The paper investigates the welfare impacts of using machine learning prediction systems in equity-driven government programs, particularly in identifying and supporting the most vulnerable individuals. The authors develop a framework to evaluate the relative effectiveness of prediction systems compared to other policy levers, such as expanding bureaucratic capacity.

给作者的问题

The empirical results are based on a single case study. Could the authors comment on the generalizability of their findings to other domains, such as poverty targeting or social housing? How might the PAR differ in these contexts?

The paper focuses on identifying the worst-off, but does not explicitly address potential biases or disparities in the prediction systems. Have the authors considered the fairness implications of their framework, particularly in terms of how different demographic groups might be affected by the screening policies?

The authors compare a shallow decision tree to CatBoost, but do not explore other model architectures or feature sets. Could the authors provide additional insights into how different models might impact the prediction-access ratio (PAR) and policy value?

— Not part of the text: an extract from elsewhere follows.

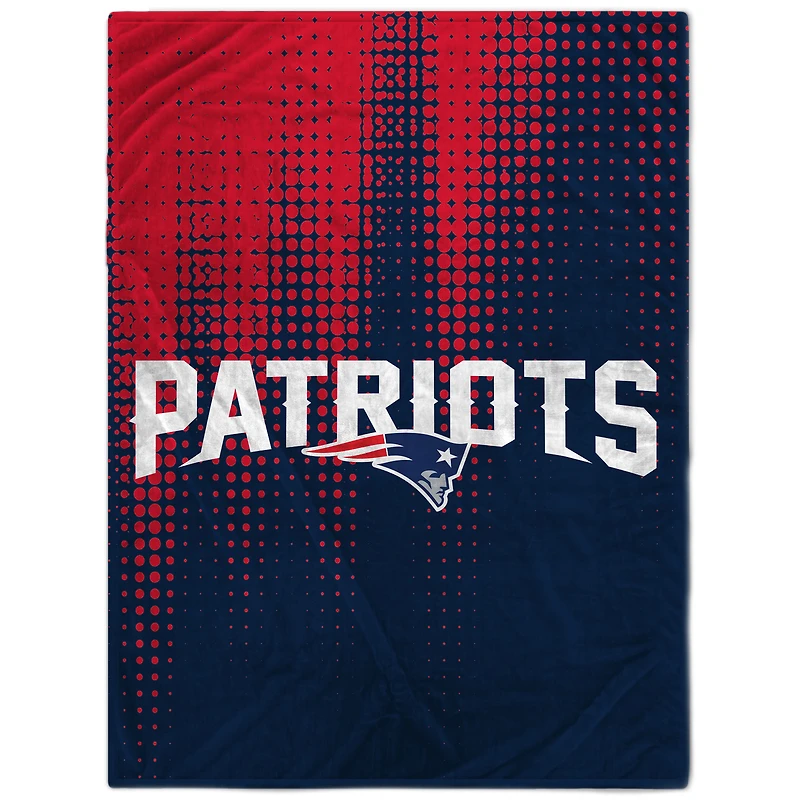Couverture polaire en flanelle à motif goutte d'eau des Patriots de la Nouvelle-Angleterre 60'' x 80''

The paper discusses the relative value of improving prediction accuracy versus expanding screening capacity, but does not provide a detailed cost-benefit analysis. Could the authors provide more information on the costs associated with improving prediction accuracy (e.g., data collection, model training) versus expanding screening capacity?

论据与证据

The claims made in the paper are generally well-supported by both theoretical and empirical evidence. The authors provide clear mathematical formulations and proofs to support their theoretical claims, particularly regarding the prediction-access ratio (PAR) and the conditions under which prediction improvements are most effective. The empirical case study on long-term unemployment in Germany is well-designed and provides convincing evidence that expanding screening capacity often has a greater impact than improving prediction accuracy, especially in resource-constrained settings.

However, one potential limitation is that the empirical results are based on a single case study (long-term unemployment in Germany), which may limit the generalizability of the findings to other contexts. While the authors provide a theoretical framework that is broadly applicable, additional empirical validation across different domains would strengthen the paper's claims.

方法与评估标准

The proposed methods and evaluation criteria are appropriate for the problem at hand. The authors use a combination of theoretical modeling and empirical analysis to evaluate the effectiveness of prediction systems in identifying the worst-off. The prediction-access ratio (PAR) is a novel and useful metric for comparing the relative benefits of improving prediction accuracy versus expanding screening capacity. The empirical evaluation is based on a large, real-world dataset, and the authors use standard machine learning techniques (e.g., CatBoost) to predict unemployment durations, which is appropriate for the task.

One potential improvement could be the inclusion of additional evaluation metrics, such as fairness or equity considerations, given that the paper focuses on equity-driven programs. While the authors discuss the importance of identifying the worst-off, they do not explicitly evaluate whether their prediction systems disproportionately affect certain demographic groups.

理论论述

The theoretical claims in the paper are well-supported by mathematical proofs and derivations. The authors provide detailed proofs for their key results, including the conditions under which the prediction-access ratio (PAR) is maximized and the impact of expanding screening capacity versus improving prediction accuracy. The proofs are sound and correctly derived, and the authors provide intuitive explanations for their results.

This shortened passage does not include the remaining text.